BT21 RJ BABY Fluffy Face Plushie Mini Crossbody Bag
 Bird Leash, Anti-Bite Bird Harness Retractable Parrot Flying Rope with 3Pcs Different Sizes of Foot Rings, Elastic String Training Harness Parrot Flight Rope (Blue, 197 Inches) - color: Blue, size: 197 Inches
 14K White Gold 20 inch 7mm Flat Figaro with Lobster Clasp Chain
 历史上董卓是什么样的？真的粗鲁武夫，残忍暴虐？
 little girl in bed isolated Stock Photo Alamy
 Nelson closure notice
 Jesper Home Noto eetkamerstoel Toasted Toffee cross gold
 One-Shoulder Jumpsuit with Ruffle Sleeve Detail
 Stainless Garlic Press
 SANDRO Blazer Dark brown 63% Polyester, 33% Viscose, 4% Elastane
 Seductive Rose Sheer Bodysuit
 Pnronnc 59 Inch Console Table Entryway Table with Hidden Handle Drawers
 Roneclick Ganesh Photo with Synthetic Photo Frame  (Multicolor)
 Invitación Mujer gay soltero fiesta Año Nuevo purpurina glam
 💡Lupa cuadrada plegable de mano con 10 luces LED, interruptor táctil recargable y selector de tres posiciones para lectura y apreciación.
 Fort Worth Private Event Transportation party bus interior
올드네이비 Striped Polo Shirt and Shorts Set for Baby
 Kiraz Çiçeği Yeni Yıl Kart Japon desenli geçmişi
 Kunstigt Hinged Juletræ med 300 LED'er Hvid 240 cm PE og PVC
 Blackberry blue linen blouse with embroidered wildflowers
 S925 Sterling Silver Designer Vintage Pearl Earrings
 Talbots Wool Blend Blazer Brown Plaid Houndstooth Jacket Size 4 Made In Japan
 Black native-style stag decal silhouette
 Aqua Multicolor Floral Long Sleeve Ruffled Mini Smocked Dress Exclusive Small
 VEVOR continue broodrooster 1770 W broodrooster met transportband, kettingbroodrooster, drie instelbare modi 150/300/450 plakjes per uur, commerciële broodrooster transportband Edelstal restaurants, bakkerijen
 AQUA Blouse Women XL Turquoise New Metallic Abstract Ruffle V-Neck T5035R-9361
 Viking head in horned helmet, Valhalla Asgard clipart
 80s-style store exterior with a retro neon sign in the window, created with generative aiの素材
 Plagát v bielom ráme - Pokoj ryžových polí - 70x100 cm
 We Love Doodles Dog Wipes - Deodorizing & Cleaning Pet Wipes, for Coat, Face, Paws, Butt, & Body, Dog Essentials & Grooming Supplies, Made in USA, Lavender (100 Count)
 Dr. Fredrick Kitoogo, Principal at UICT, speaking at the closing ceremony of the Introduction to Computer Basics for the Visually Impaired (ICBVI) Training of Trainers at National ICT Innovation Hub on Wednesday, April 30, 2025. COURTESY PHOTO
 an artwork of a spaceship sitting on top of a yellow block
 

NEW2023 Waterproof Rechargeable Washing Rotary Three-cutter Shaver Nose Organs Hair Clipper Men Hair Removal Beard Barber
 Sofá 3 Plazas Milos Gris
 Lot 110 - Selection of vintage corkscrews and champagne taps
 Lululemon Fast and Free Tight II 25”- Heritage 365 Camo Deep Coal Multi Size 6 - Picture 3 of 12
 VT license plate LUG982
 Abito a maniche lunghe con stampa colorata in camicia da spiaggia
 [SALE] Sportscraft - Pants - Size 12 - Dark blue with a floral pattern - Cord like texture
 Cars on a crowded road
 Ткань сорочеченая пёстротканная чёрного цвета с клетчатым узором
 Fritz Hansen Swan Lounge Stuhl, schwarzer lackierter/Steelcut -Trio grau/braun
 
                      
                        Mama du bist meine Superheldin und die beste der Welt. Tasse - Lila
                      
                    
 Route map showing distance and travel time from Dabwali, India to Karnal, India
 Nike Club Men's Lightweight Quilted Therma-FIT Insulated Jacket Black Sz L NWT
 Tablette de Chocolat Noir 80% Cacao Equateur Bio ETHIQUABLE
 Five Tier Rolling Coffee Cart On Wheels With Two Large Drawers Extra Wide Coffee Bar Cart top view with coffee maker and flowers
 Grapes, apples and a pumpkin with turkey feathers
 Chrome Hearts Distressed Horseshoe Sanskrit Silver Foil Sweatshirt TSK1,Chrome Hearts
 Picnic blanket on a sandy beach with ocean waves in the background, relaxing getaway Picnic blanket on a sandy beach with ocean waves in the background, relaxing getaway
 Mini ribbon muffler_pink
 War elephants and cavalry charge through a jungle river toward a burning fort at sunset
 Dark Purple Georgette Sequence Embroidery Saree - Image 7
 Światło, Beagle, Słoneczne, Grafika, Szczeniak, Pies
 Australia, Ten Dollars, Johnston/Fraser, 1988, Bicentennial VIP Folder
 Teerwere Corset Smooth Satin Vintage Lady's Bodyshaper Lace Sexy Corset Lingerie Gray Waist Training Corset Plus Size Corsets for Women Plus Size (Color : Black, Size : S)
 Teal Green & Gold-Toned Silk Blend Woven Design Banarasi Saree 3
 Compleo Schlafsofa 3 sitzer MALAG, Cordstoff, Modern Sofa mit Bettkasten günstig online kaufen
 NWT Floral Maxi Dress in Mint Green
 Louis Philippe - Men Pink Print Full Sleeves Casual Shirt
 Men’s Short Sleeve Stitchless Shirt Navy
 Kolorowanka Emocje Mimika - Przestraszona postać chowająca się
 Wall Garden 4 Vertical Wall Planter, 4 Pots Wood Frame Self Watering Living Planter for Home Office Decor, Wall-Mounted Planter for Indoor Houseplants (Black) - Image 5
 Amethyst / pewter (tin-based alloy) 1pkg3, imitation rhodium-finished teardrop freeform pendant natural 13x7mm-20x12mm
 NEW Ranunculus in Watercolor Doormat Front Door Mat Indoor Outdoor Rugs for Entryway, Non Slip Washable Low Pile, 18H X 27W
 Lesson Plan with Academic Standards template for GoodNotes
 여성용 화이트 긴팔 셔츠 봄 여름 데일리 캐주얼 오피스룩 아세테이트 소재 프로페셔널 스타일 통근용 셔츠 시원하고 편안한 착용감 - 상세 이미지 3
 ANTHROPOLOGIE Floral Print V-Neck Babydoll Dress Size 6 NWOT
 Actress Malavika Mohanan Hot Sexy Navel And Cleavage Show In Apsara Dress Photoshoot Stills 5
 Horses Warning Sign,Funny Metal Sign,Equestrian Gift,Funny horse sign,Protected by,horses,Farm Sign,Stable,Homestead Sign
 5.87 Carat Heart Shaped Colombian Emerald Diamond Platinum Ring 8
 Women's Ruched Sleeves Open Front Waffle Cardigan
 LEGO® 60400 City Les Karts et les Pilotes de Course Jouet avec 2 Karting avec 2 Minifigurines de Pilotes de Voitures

-*-

Problem - Exactly as given, please retype all the entries.

Exercise output -
BT21 RJ BABY Fluffy Face Plushie Mini Crossbody Bag
 Bird Leash, Anti-Bite Bird Harness Retractable Parrot Flying Rope with 3Pcs Different Sizes of Foot Rings, Elastic String Training Harness Parrot Flight Rope (Blue, 197 Inches) - color: Blue, size: 197 Inches
 14K White Gold 20 inch 7mm Flat Figaro with Lobster Clasp Chain
 历史上董卓是什么样的？真的粗鲁武夫，残忍暴虐？
 little girl in bed isolated Stock Photo Alamy
 Nelson closure notice
 Jesper Home Noto eetkamerstoel Toasted Toffee cross gold
 One-Shoulder Jumpsuit with Ruffle Sleeve Detail
 Stainless Garlic Press
 SANDRO Blazer Dark brown 63% Polyester, 33% Viscose, 4% Elastane
 Seductive Rose Sheer Bodysuit
 Pnronnc 59 Inch Console Table Entryway Table with Hidden Handle Drawers
 Roneclick Ganesh Photo with Synthetic Photo Frame  (Multicolor)
 Invitación Mujer gay soltero fiesta Año Nuevo purpurina glam
 💡Lupa cuadrada plegable de mano con 10 luces LED, interruptor táctil recargable y selector de tres posiciones para lectura y apreciación.
 Fort Worth Private Event Transportation party bus interior
올드네이비 Striped Polo Shirt and Shorts Set for Baby
 Kiraz Çiçeği Yeni Yıl Kart Japon desenli geçmişi
 Kunstigt Hinged Juletræ med 300 LED'er Hvid 240 cm PE og PVC
 Blackberry blue linen blouse with embroidered wildflowers
 S925 Sterling Silver Designer Vintage Pearl Earrings
 Talbots Wool Blend Blazer Brown Plaid Houndstooth Jacket Size 4 Made In Japan
 Black native-style stag decal silhouette
 Aqua Multicolor Floral Long Sleeve Ruffled Mini Smocked Dress Exclusive Small
 VEVOR continue broodrooster 1770 W broodrooster met transportband, kettingbroodrooster, drie instelbare modi 150/300/450 plakjes per uur, commerciële broodrooster transportband Edelstal restaurants, bakkerijen
 AQUA Blouse Women XL Turquoise New Metallic Abstract Ruffle V-Neck T5035R-9361
 Viking head in horned helmet, Valhalla Asgard clipart
 80s-style store exterior with a retro neon sign in the window, created with generative aiの素材
 Plagát v bielom ráme - Pokoj ryžových polí - 70x100 cm
 We Love Doodles Dog Wipes - Deodorizing & Cleaning Pet Wipes, for Coat, Face, Paws, Butt, & Body, Dog Essentials & Grooming Supplies, Made in USA, Lavender (100 Count)
 Dr. Fredrick Kitoogo, Principal at UICT, speaking at the closing ceremony of the Introduction to Computer Basics for the Visually Impaired (ICBVI) Training of Trainers at National ICT Innovation Hub on Wednesday, April 30, 2025. COURTESY PHOTO
 an artwork of a spaceship sitting on top of a yellow block
 

NEW2023 Waterproof Rechargeable Washing Rotary Three-cutter Shaver Nose Organs Hair Clipper Men Hair Removal Beard Barber
 Sofá 3 Plazas Milos Gris
 Lot 110 - Selection of vintage corkscrews and champagne taps
 Lululemon Fast and Free Tight II 25”- Heritage 365 Camo Deep Coal Multi Size 6 - Picture 3 of 12
 VT license plate LUG982
 Abito a maniche lunghe con stampa colorata in camicia da spiaggia
 [SALE] Sportscraft - Pants - Size 12 - Dark blue with a floral pattern - Cord like texture
 Cars on a crowded road
 Ткань сорочеченая пёстротканная чёрного цвета с клетчатым узором
 Fritz Hansen Swan Lounge Stuhl, schwarzer lackierter/Steelcut -Trio grau/braun
 
                      
                        Mama du bist meine Superheldin und die beste der Welt. Tasse - Lila
                      
                    
 Route map showing distance and travel time from Dabwali, India to Karnal, India
 Nike Club Men's Lightweight Quilted Therma-FIT Insulated Jacket Black Sz L NWT
 Tablette de Chocolat Noir 80% Cacao Equateur Bio ETHIQUABLE
 Five Tier Rolling Coffee Cart On Wheels With Two Large Drawers Extra Wide Coffee Bar Cart top view with coffee maker and flowers
 Grapes, apples and a pumpkin with turkey feathers
 Chrome Hearts Distressed Horseshoe Sanskrit Silver Foil Sweatshirt TSK1,Chrome Hearts
 Picnic blanket on a sandy beach with ocean waves in the background, relaxing getaway Picnic blanket on a sandy beach with ocean waves in the background, relaxing getaway
 Mini ribbon muffler_pink
 War elephants and cavalry charge through a jungle river toward a burning fort at sunset
 Dark Purple Georgette Sequence Embroidery Saree - Image 7
 Światło, Beagle, Słoneczne, Grafika, Szczeniak, Pies
 Australia, Ten Dollars, Johnston/Fraser, 1988, Bicentennial VIP Folder
 Teerwere Corset Smooth Satin Vintage Lady's Bodyshaper Lace Sexy Corset Lingerie Gray Waist Training Corset Plus Size Corsets for Women Plus Size (Color : Black, Size : S)
 Teal Green & Gold-Toned Silk Blend Woven Design Banarasi Saree 3
 Compleo Schlafsofa 3 sitzer MALAG, Cordstoff, Modern Sofa mit Bettkasten günstig online kaufen
 NWT Floral Maxi Dress in Mint Green
 Louis Philippe - Men Pink Print Full Sleeves Casual Shirt
 Men’s Short Sleeve Stitchless Shirt Navy
 Kolorowanka Emocje Mimika - Przestraszona postać chowająca się
 Wall Garden 4 Vertical Wall Planter, 4 Pots Wood Frame Self Watering Living Planter for Home Office Decor, Wall-Mounted Planter for Indoor Houseplants (Black) - Image 5
 Amethyst / pewter (tin-based alloy) 1pkg3, imitation rhodium-finished teardrop freeform pendant natural 13x7mm-20x12mm
 NEW Ranunculus in Watercolor Doormat Front Door Mat Indoor Outdoor Rugs for Entryway, Non Slip Washable Low Pile, 18H X 27W
 Lesson Plan with Academic Standards template for GoodNotes
 여성용 화이트 긴팔 셔츠 봄 여름 데일리 캐주얼 오피스룩 아세테이트 소재 프로페셔널 스타일 통근용 셔츠 시원하고 편안한 착용감 - 상세 이미지 3
 ANTHROPOLOGIE Floral Print V-Neck Babydoll Dress Size 6 NWOT
 Actress Malavika Mohanan Hot Sexy Navel And Cleavage Show In Apsara Dress Photoshoot Stills 5
 Horses Warning Sign,Funny Metal Sign,Equestrian Gift,Funny horse sign,Protected by,horses,Farm Sign,Stable,Homestead Sign
 5.87 Carat Heart Shaped Colombian Emerald Diamond Platinum Ring 8
 Women's Ruched Sleeves Open Front Waffle Cardigan
 LEGO® 60400 City Les Karts et les Pilotes de Course Jouet avec 2 Karting avec 2 Minifigurines de Pilotes de Voitures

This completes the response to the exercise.